### Material provided ###

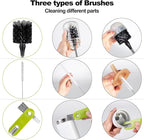 [3 Pack] Bottle Brush, 15 Inches Stainless Steel Long Handle Baby Bottle Scrub Cleaning Brush with Straw & Lid Brushes for Sports Water Bottles, Cups, Coffee Mugs, Glasswares, Tumblers, Wine Decanters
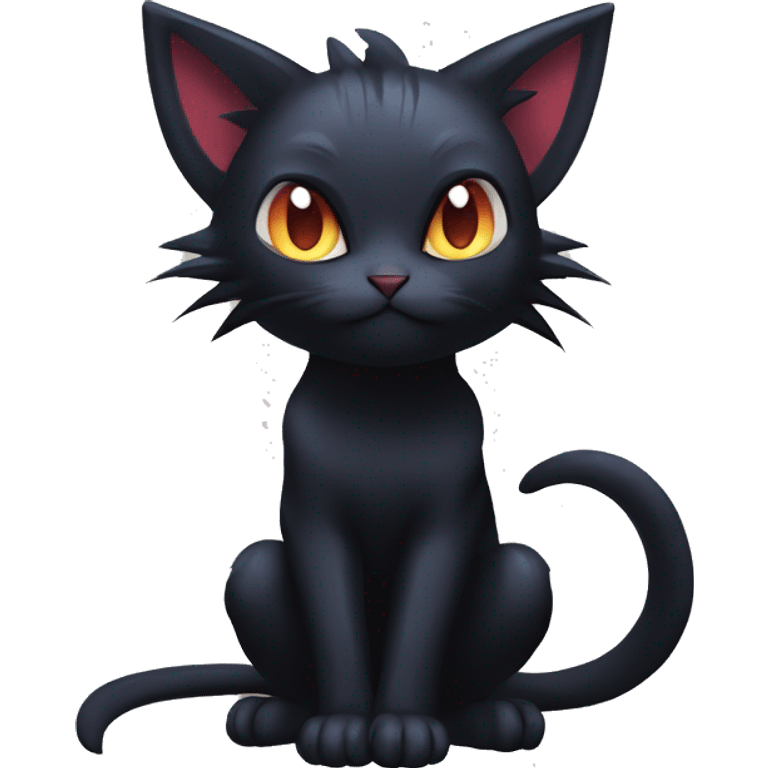 Cool Cute Edgy Black Dark Chibi Cat-Noibat-Noivern-Litten-Fakémon-hybrid emoji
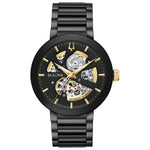 Bulova 98A203 men's black ion-plated stainless steel watch with open aperture black dial and gold-tone accents—front view.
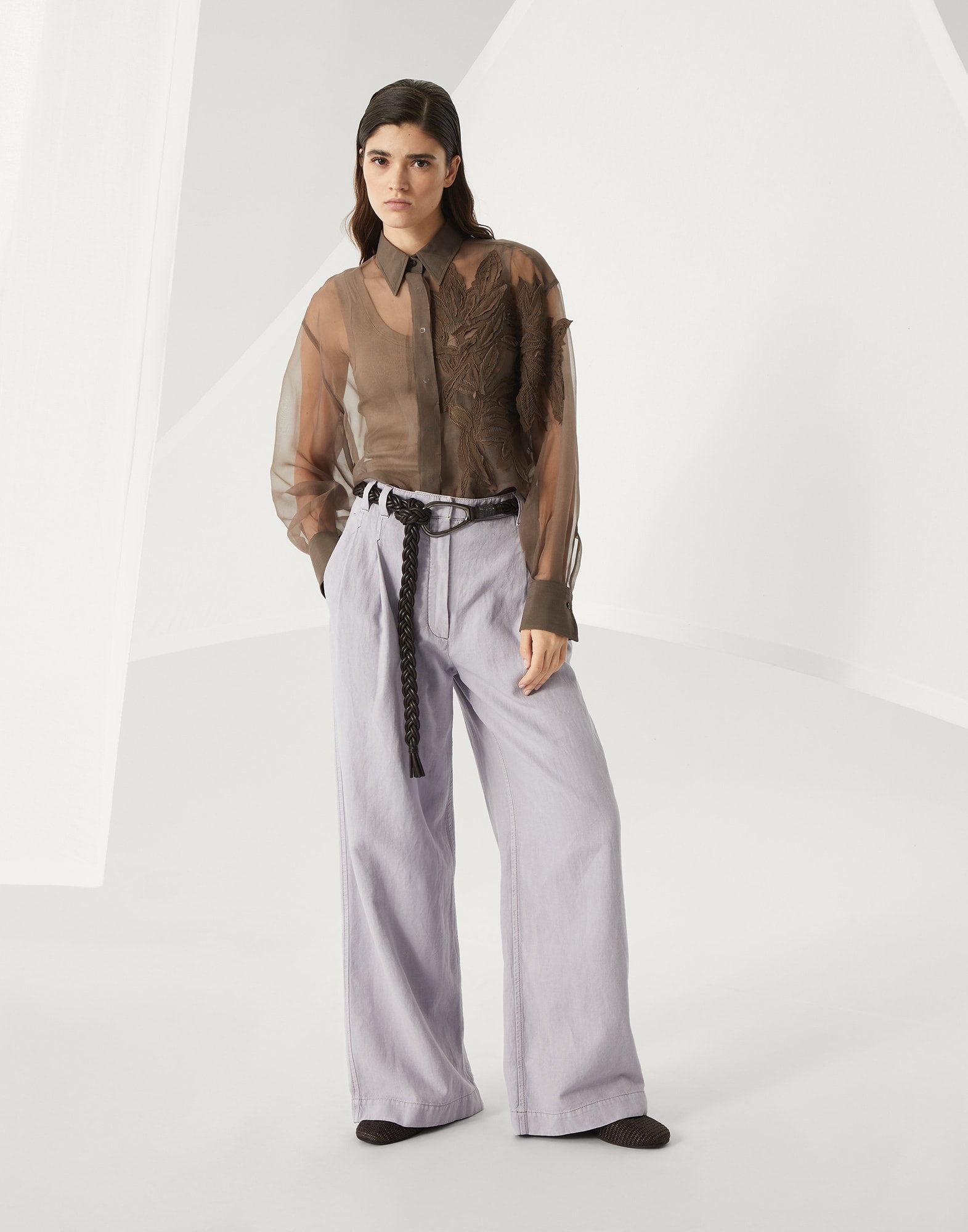 Crispy silk shirt with herbarium appliqué - 5
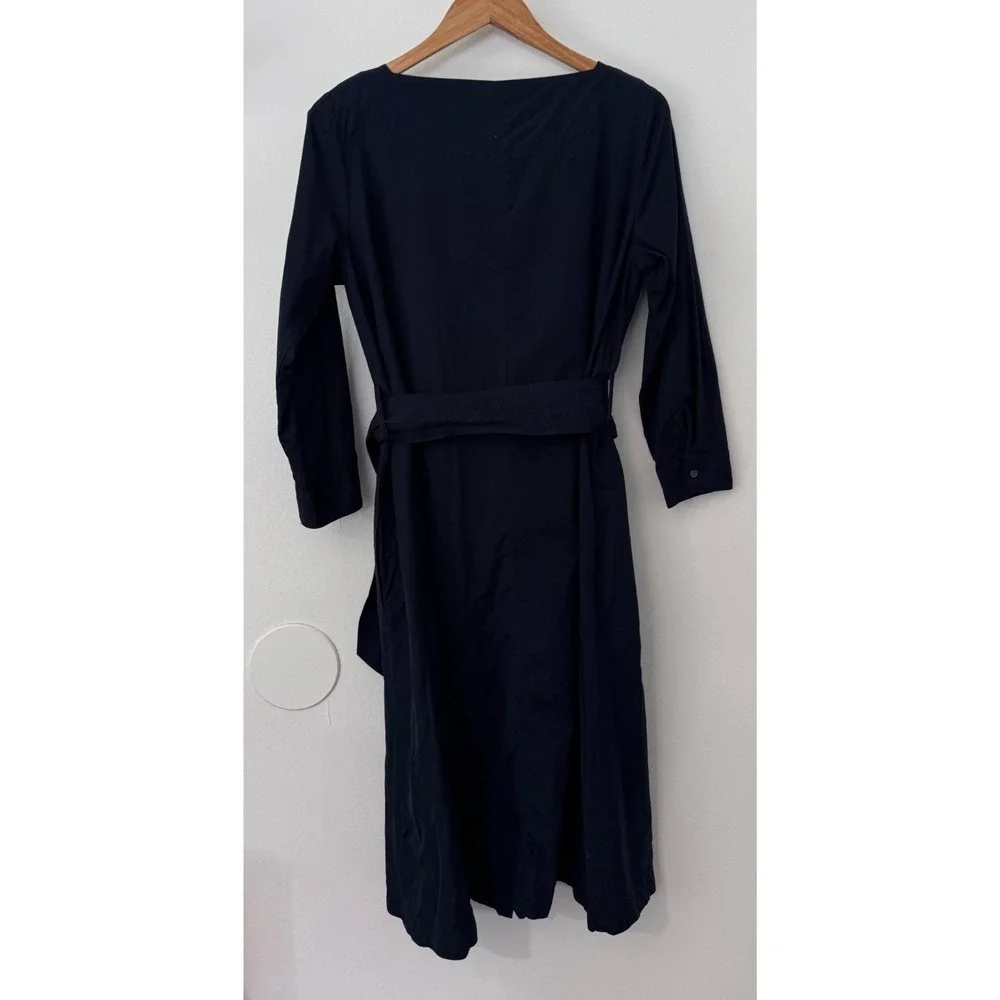 J CREW x Thomas Mason Shirt Dress Midi Womens 8 Blue G8673‎ Pockets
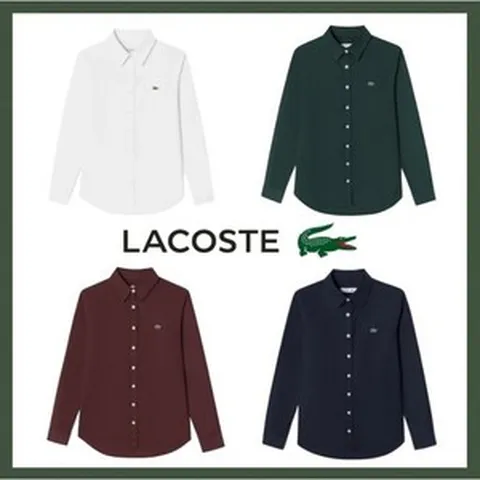 [백화점직송/빠른출고] 라코스테 LACOSTE 여성 베이직 옥스포드 4 Color 데일리 여자 남방 셔츠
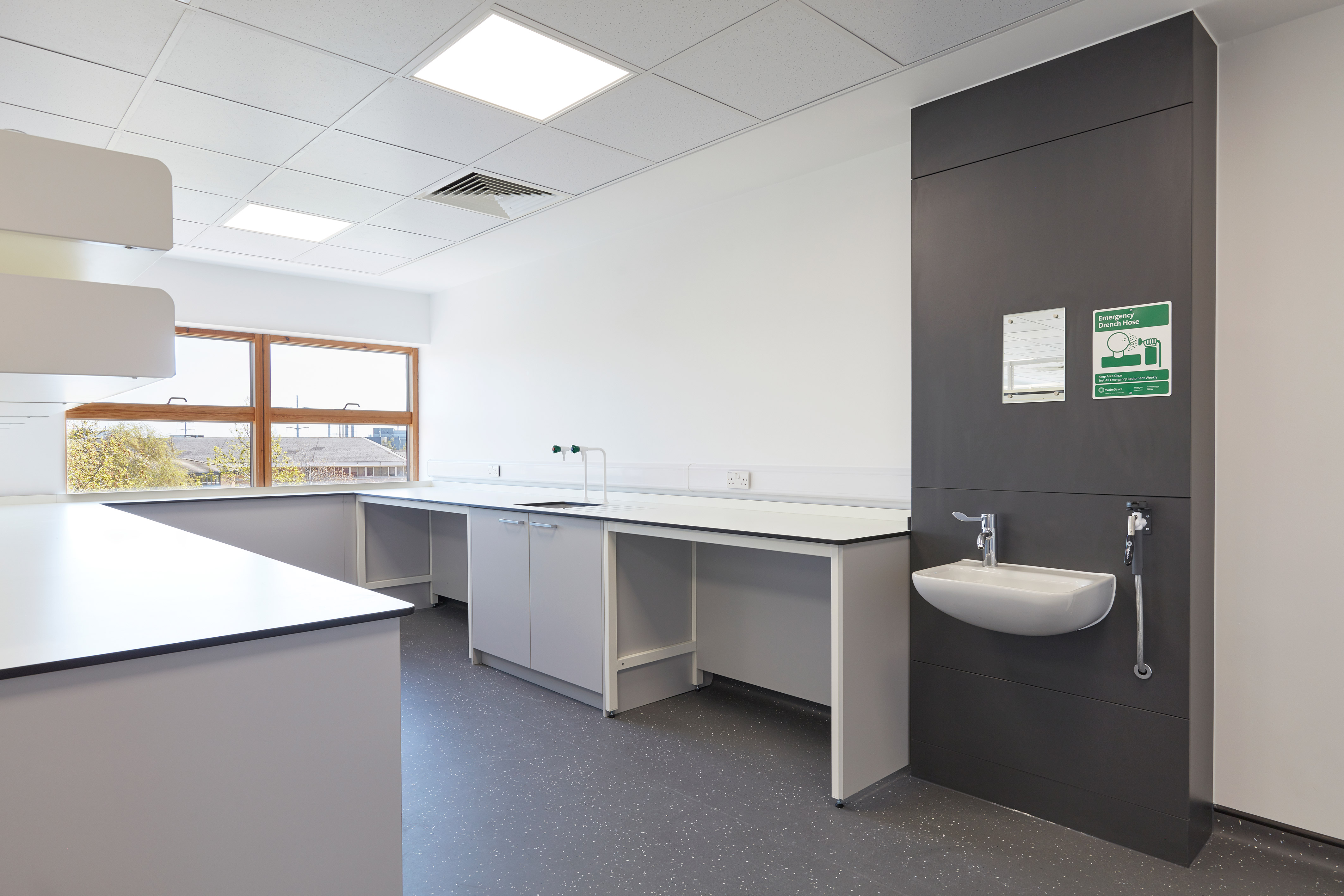 Clean laboratory room with white countertops, a black door featuring a viewing panel, a wall-mounted sink, and a large window providing natural light.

###

▶ [Task directions]:
In your copy, every entry above must match word for word, and no picture may appear.

▶ [Expected answer]:
 [3 Pack] Bottle Brush, 15 Inches Stainless Steel Long Handle Baby Bottle Scrub Cleaning Brush with Straw & Lid Brushes for Sports Water Bottles, Cups, Coffee Mugs, Glasswares, Tumblers, Wine Decanters
 Cool Cute Edgy Black Dark Chibi Cat-Noibat-Noivern-Litten-Fakémon-hybrid emoji
 Bulova 98A203 men's black ion-plated stainless steel watch with open aperture black dial and gold-tone accents—front view.
 Crispy silk shirt with herbarium appliqué - 5
 J CREW x Thomas Mason Shirt Dress Midi Womens 8 Blue G8673‎ Pockets
 [백화점직송/빠른출고] 라코스테 LACOSTE 여성 베이직 옥스포드 4 Color 데일리 여자 남방 셔츠
 Clean laboratory room with white countertops, a black door featuring a viewing panel, a wall-mounted sink, and a large window providing natural light.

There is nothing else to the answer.